VA loans and USDA loans both offer $0 down payment, but they serve different populations. VA loans are for veterans, active-duty military, and eligible spouses — with no income limit and no location restriction. USDA loans are for any buyer meeting income limits (115% of area median income) who purchases in a USDA-eligible rural area. If you qualify for both, the VA loan is usually the better deal because it has no annual mortgage insurance fee.
How Do VA and USDA Loans Compare at a High Level?
VA loans and USDA loans are the only two major mortgage programs that offer true 100% financing — meaning $0 down payment. Both are backed by the federal government (the U.S. Department of Veterans Affairs and the U.S. Department of Agriculture, respectively), and both exist to help specific populations become homeowners. According to the VA and USDA, combined these programs finance hundreds of thousands of homes each year.

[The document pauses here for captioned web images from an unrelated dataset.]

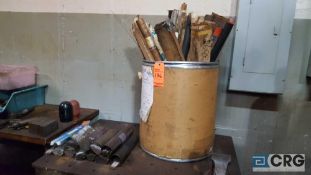Lot of assorted welding rods and accessories etc.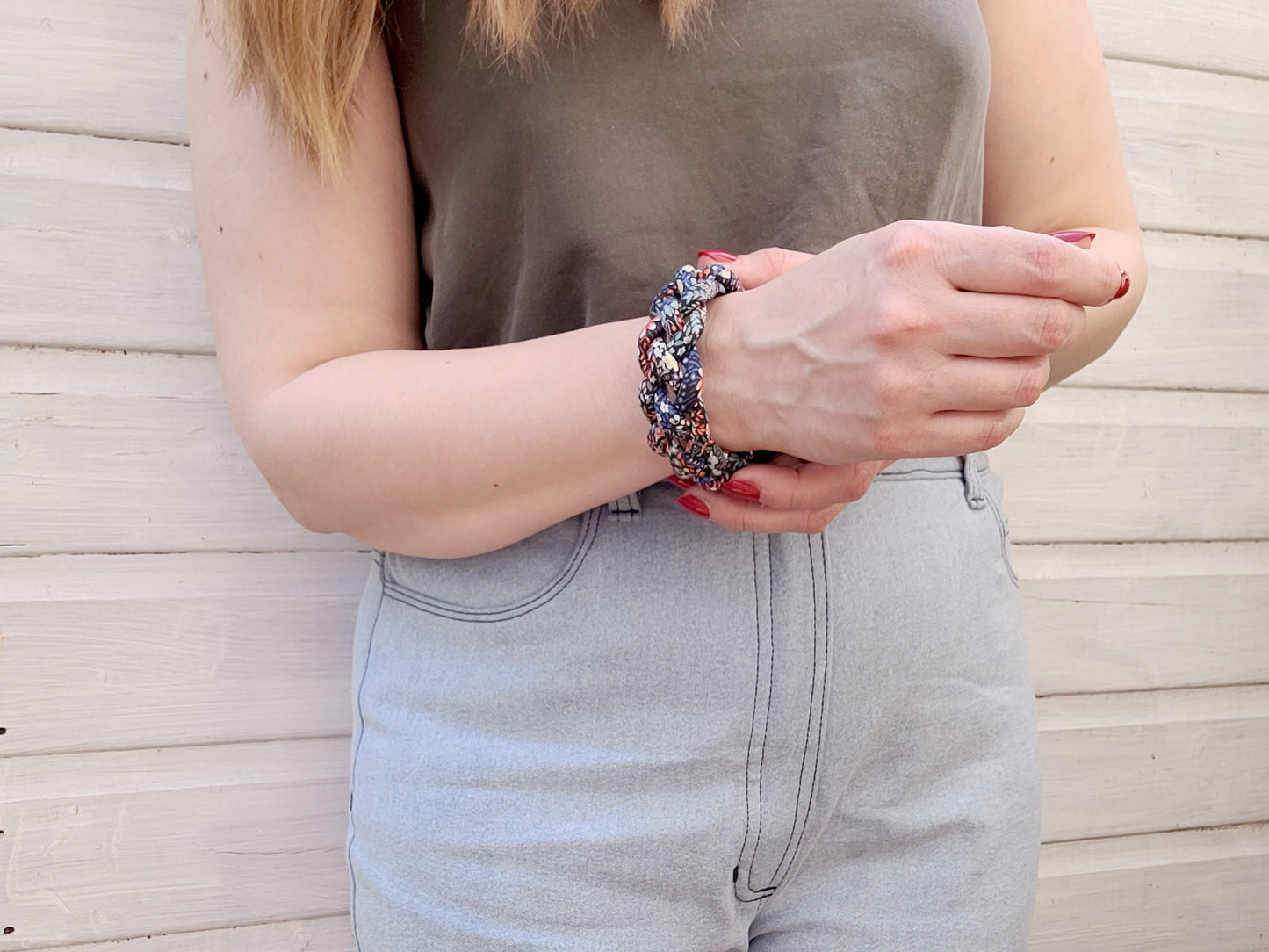 Braid Bangle - Elderberry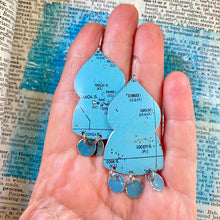Load image into Gallery viewer, Samoa Temple Drop Tin Earrings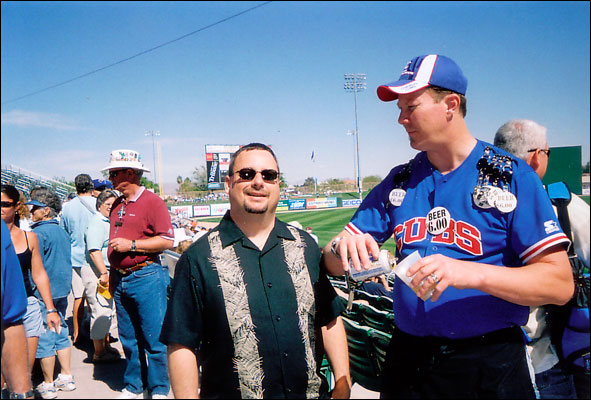 The first Olde Style Beer of 2006 was sold to Tim Tucker, with Jim Stepek as my photographer… Cheers Tim and Jim!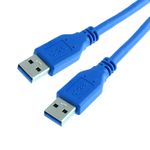USB 3.0 Male to Male Cable Type A Plug High Speed Lead - 50 cm to 5 m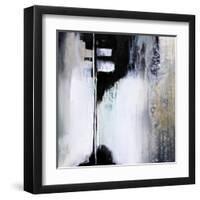 Black and White Drama-Karen Hale-Framed Art Print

The critical differences come down to who qualifies (military service vs. income limits), where you can buy (anywhere vs. rural areas only), and ongoing costs (no annual fee vs. 0.35% annual guarantee fee). For Tampa Bay buyers who qualify for both, understanding these differences can save thousands of dollars.
What Are the Key Differences Between VA and USDA Loans?
| Feature | VA Loan | USDA Loan |
|---|---|---|
| Down Payment | $0 (100% financing) | $0 (100% financing) |
| Upfront Fee | 2.15% funding fee (first use, $0 down) | 1.0% guarantee fee |
| Annual / Monthly Fee | None (no PMI ever) | 0.35% of loan balance per year |
| Income Limits | No income cap | 115% of area median income |
| Location Restrictions | None — buy anywhere | USDA-eligible rural areas only |
| Eligibility | Veterans, active duty, Guard/Reserve, some spouses | Any buyer meeting income and location rules |
| Min. Credit Score | No VA minimum (lenders: 580-620) | No USDA minimum (lenders: 620-640) |
| DTI Ratio | No hard cap (41% guideline + residual income) | 29% front-end / 41% back-end typical |
| Property Types | Single-family, condos (VA-approved), 2-4 unit | Single-family only (no condos, no multi-unit) |
| Loan Limits | None (full entitlement) | Varies by county and household size |
| Assumable | Yes (with VA approval) | Yes (with USDA approval) |
| Occupancy | Primary residence only | Primary residence only |
When Is a VA Loan the Better Choice?
For eligible veterans and service members, the VA loan wins in most scenarios:
- No monthly mortgage insurance. USDA charges 0.35% of your loan balance per year as an annual guarantee fee (added to your monthly payment). On a $350,000 loan, that is about $102/month. VA loans have no equivalent ongoing fee.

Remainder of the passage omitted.